People & Business

Michael Hale is stepping down as chairman and chief executive of GBE International, the Andover based manufacturer of equipment for the tobacco industry, after having completed his role as "company doctor" to the troubled group.

Mr Hale took the axe to costs and raised pounds 6m in new capital last summer, getting rid of the loss-making packaging and environmental purification businesses. He is making way for Graham Walker, the new executive chairman, who is best known as the former deputy chairman of Argyll Group. Mr Walker owns 3.9 million GBE shares representing 4.3 per cent of the issued share capital.

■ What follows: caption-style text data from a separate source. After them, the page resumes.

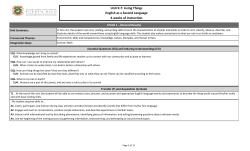 Unit K.7: Living Things English as a Second Language 4 weeks of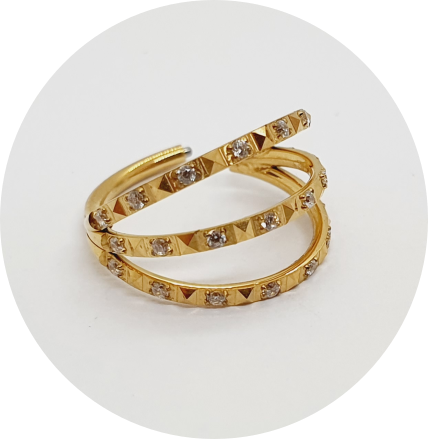 Segmento Articulado Triplo Zircônias cravejadas PVD Gold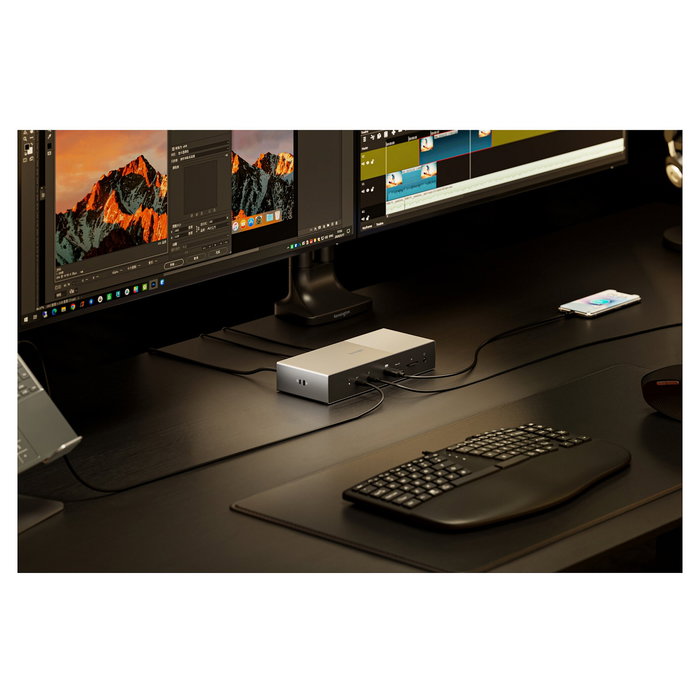 Kensington SD5000T5 EQ Docking Station Triple - Replicador de Puertos Thunderbolt 5 con 140W PD, 3 Pantallas 8K, Conexión Gigabit Ethernet y Lector de Tarjetas, para Windows/macOS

Michael Jenkins joins GBE as chief executive, having come from Delta Group, and Roger Spry, a long-term employee at Phillip Morris, competes the team as executive director for the development of GBE's tobacco business. Mike Forder, GBE's financial director, survives the reshuffle, and the company is expected to make around pounds 2.5m profits this year.

Is Simon Preston, chairman of the small but distinguished City PR company Financial Public Relations, going to commit a heinous family sin and sell out to the French? He would never be forgiven if he did, as he is a direct descendant of Lord Nelson, who of course gave the French and Spaniards a sound thrashing at Trafalgar.

No takeover of Financial Public Relations is immediately in the offing, but two French PR firms are reported to have made contact. And Mr Preston, together with managing director Murdoch Macleod, do not deny a sale to a third party is possible.

Times have been tough for Financial Public Relations, founded in 1966, after it parted company with its longest standing client, General Accident, at the beginning of last year.

Nelson would have been happier with the Centre for Economic Policy Research (CEPR), the London-based think tank founded in 1983 which this week trumpeted its European supremacy. Anthony Loehnis, the CEPR's chairman, declared that "the Centre now plays the leading role in policy-related research in Europe".

The occasion for the tub-thumping was a reorganisation in which Richard Portes, founding director of CEPR, becomes president. Stephen Yoe moves up from deputy director to chief executive officer, while Mathias Dewatripont becomes part-time research director. The Centre now enjoys the support of all European central banks, the Bank for International Settlement and the European Monetary Institute.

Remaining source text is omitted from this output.